A Primer in Machine Learning for Beginners

All you need to know about getting started with ML.

Unnati Shah
6 min readJun 5, 2023

The rise of AI has been largely driven by one tool in AI called Machine Learning. It is the science of getting computers to learn and act like humans do, and improve their learning over time in an autonomous fashion, by feeding them data and information in the form of observations and real-world interactions.

Coursera “How Google does Machine Learning”

Coding has been the bread and butter for developers since the dawn of computing. We’re used to creating applications by breaking down requirements into composable problems that can then be coded against. Rules and data go in and answers come out. Rules are expressed in a programming language and data can come from a variety of sources from local variables all the way up to databases. Machine learning rearranges this diagram where we put answers in data in and then we get rules out.

Hubert Wang, Introduction to TensorFlow for AI, ML, and DL

So instead of us as developers figuring out the rules when should the brick be removed, when should the player’s life end, or what’s the desired analytic for any other concept, what we will do is we can get a bunch of examples for what we want to see and then have the computer figure out the rules. Ultimately machine learning is very similar but we’re just flipping the axes. So instead of us trying to express the problem as rules when often that isn’t even possible, we’ll have to compromise. The new paradigm is that we get lots and lots of examples and then have labels on those examples and we use the data to say this is what walking looks like, this is what running looks like, this is what biking looks like and yes, even this is what golfing looks like. So, then it becomes answers and data in with rules being inferred by the machine. A machine learning algorithm then figures out the specific patterns in each set of data that determines the distinctiveness of each. That’s what’s so powerful and exciting about this programming paradigm. It’s more than just a new way of doing the same old thing. It opens up new possibilities that were infeasible to do before.
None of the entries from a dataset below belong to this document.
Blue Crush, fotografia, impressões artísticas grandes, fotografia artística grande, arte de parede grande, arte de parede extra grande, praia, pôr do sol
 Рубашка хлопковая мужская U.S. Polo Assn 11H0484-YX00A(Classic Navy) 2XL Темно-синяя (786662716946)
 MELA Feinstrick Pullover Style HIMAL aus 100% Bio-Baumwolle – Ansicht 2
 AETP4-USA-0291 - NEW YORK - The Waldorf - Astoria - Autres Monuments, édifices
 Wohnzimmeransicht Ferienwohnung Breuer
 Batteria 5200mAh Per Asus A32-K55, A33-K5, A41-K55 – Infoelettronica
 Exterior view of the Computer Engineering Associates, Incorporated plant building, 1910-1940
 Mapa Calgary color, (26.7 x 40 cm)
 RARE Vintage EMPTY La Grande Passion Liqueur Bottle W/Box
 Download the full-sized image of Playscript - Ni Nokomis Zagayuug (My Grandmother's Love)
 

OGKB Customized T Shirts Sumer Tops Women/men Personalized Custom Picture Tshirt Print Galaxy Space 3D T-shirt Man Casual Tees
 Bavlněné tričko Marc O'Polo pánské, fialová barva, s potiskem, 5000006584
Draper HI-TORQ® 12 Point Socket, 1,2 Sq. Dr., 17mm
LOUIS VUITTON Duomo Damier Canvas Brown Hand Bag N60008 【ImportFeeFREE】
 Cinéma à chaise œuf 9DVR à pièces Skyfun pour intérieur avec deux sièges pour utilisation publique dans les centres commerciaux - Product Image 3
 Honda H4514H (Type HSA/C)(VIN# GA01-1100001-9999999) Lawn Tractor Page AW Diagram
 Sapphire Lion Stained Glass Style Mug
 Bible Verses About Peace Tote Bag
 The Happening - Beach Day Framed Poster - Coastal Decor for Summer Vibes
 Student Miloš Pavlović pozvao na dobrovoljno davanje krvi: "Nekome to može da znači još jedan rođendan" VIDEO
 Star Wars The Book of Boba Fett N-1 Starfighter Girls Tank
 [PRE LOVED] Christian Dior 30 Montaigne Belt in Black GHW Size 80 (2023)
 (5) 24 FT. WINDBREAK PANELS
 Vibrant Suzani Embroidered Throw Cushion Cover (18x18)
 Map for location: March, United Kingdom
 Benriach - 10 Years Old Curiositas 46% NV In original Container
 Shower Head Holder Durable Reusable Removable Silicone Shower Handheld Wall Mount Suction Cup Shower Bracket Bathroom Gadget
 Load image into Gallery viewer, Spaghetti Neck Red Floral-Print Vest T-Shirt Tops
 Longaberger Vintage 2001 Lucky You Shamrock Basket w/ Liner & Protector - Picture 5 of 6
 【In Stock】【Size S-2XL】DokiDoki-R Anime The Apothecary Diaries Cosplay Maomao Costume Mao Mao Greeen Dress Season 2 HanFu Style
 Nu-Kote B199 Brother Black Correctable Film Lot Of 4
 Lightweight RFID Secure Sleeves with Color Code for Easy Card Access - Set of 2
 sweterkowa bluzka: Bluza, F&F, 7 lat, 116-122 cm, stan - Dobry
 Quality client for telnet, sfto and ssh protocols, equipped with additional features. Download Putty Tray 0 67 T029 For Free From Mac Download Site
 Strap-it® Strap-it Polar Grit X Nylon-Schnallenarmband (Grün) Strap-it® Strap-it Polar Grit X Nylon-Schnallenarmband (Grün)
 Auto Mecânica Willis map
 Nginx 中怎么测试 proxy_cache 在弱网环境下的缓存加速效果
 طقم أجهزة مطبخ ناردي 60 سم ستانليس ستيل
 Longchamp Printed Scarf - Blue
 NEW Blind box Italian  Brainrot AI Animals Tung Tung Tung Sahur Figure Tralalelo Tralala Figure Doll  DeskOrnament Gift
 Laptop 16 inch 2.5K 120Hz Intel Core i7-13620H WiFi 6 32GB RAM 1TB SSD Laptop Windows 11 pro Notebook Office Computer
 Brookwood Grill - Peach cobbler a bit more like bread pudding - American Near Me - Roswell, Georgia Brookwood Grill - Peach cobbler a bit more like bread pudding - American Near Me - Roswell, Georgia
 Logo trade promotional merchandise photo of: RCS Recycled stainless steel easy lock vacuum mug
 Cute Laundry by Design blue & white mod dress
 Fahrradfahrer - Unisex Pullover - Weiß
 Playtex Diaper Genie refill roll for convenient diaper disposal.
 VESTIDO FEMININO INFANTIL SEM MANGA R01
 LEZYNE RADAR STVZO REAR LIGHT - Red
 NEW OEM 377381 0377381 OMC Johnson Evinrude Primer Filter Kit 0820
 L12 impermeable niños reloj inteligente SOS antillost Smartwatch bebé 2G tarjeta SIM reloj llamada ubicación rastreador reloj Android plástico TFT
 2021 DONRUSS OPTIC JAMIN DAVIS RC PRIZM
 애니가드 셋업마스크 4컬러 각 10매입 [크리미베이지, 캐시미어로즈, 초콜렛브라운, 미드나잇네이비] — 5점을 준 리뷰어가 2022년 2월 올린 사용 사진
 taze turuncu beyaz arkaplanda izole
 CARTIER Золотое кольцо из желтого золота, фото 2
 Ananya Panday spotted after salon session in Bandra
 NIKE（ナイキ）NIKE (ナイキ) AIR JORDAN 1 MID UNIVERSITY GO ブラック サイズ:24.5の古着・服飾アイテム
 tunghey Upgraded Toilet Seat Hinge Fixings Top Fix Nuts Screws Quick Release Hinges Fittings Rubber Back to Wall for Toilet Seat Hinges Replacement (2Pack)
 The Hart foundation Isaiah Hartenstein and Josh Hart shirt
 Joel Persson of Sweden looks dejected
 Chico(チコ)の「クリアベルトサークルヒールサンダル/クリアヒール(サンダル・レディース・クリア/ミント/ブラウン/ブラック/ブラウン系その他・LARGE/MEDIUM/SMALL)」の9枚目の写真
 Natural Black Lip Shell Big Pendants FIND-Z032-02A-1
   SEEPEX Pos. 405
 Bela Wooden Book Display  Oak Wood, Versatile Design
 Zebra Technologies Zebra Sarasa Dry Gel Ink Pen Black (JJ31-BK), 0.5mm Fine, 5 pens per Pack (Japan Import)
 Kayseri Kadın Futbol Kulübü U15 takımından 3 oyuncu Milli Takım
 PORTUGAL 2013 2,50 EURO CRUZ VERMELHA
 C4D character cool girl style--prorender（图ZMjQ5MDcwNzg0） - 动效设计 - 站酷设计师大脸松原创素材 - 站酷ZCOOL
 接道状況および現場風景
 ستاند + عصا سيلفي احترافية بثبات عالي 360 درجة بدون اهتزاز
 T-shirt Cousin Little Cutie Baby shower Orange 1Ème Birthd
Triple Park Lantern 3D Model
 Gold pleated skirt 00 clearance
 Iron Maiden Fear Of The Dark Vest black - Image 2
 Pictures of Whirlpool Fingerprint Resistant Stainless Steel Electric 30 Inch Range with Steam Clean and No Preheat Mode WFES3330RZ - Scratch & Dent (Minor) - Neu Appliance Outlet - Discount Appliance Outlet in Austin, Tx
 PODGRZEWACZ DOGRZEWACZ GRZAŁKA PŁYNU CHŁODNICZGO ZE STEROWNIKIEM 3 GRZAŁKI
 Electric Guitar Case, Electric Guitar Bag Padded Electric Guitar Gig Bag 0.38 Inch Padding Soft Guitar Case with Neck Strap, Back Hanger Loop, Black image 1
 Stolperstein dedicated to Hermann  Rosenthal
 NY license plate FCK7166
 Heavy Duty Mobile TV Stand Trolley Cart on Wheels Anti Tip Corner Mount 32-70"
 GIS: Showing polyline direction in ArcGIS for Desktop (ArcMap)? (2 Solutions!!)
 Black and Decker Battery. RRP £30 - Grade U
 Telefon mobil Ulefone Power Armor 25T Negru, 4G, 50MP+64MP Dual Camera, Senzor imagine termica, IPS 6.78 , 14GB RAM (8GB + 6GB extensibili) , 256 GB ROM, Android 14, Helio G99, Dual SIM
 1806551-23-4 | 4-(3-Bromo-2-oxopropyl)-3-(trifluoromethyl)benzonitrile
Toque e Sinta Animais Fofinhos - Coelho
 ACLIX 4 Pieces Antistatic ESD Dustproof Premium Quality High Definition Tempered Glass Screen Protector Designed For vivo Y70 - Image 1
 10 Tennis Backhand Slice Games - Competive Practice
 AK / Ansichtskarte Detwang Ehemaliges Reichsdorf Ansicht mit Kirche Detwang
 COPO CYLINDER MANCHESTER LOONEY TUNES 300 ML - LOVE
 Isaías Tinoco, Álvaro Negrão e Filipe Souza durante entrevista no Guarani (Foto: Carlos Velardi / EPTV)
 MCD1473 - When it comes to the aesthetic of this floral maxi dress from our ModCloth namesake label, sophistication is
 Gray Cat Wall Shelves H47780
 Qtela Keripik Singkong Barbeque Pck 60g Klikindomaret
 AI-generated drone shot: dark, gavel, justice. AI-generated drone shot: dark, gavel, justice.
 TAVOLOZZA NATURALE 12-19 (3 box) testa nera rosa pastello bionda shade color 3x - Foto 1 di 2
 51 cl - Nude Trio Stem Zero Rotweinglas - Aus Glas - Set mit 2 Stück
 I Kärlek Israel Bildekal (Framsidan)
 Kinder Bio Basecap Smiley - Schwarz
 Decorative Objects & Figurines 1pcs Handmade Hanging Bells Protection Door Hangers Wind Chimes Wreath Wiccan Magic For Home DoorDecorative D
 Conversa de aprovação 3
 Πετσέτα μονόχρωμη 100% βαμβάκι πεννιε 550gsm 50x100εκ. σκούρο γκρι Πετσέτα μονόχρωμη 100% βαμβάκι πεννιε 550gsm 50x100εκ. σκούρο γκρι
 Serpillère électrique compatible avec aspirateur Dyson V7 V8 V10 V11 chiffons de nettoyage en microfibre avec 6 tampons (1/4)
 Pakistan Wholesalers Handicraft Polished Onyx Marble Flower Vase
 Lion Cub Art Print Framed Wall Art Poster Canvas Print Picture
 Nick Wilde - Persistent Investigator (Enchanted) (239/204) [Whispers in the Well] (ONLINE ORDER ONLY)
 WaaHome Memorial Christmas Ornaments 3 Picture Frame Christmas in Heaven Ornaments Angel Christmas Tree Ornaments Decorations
The most commonly used type of machine learning is a type of AI that learns A to B or input to output mappings. This is called supervised learning. Now, the idea of supervised learning has been around for many decades. But it’s really taken off in the last few years. Why is this? In a lot of industries, the amount of data you have access to has really grown over the last couple of decades. Thanks to the rise of the Internet, the rise of computers. A lot of what used to be pieces of paper are now instead recorded on a digital computer. So, we’ve just been getting more and more data. ML is a way to get predictive insights from data to make repeated decisions.

Training, Validation, and Test Datasets

Since you are a beginner, you will need to know important terms like attributes, label, training set, validation set, test set. The table below will help you understand these terms in a better way.

Fig. 3

Two Stages of Machine Learning

Coursera “How Google does Machine Learning”

The first stage of ML is to train an ML model with examples. The form of machine learning that we’ll be focused on is called supervised learning. In supervised learning, we start from examples. An example consists of a label and an input. For example, suppose we want to train a machine learning model to look at images and identify what’s in those images. The true answer is called the label. So cat for the first image, and dog for the second image, those are the labels. The image itself, the pixels of the image are the input to the model. The model itself is a mathematical function of a form that can be applied to a wide variety of problems. There are many such mathematical functions. The models used in machine learning have a bunch of adjustable parameters though, all of them do.

Coursera “How Google does Machine Learning”

When we train a model, what we’re doing is that we’re making tiny adjustments to the model. So that the output of the model, the output of the mathematical function, is as close as possible to the true answer for any given input. Of course, we don’t do this on one image at a time. The idea is to adjust the mathematical function so that overall, the outputs of the model for the set of training inputs are as close as possible to the training labels. The key to making a machine learning model generalized is data, and lots and lots of it. Having labeled the data is a precondition for successful machine learning.

It is important to realize that machine learning has two stages, training and inference. Sometimes people refer to prediction as inference because prediction seems to imply a future state. In the case of images like this, we’re not really predicting that it’s a cat, just inferring that it’s a cat based on the pixel data.

Now that you have got a gist of what is supervised learning, here is a basic explanation of different types of learning algorithms you can use.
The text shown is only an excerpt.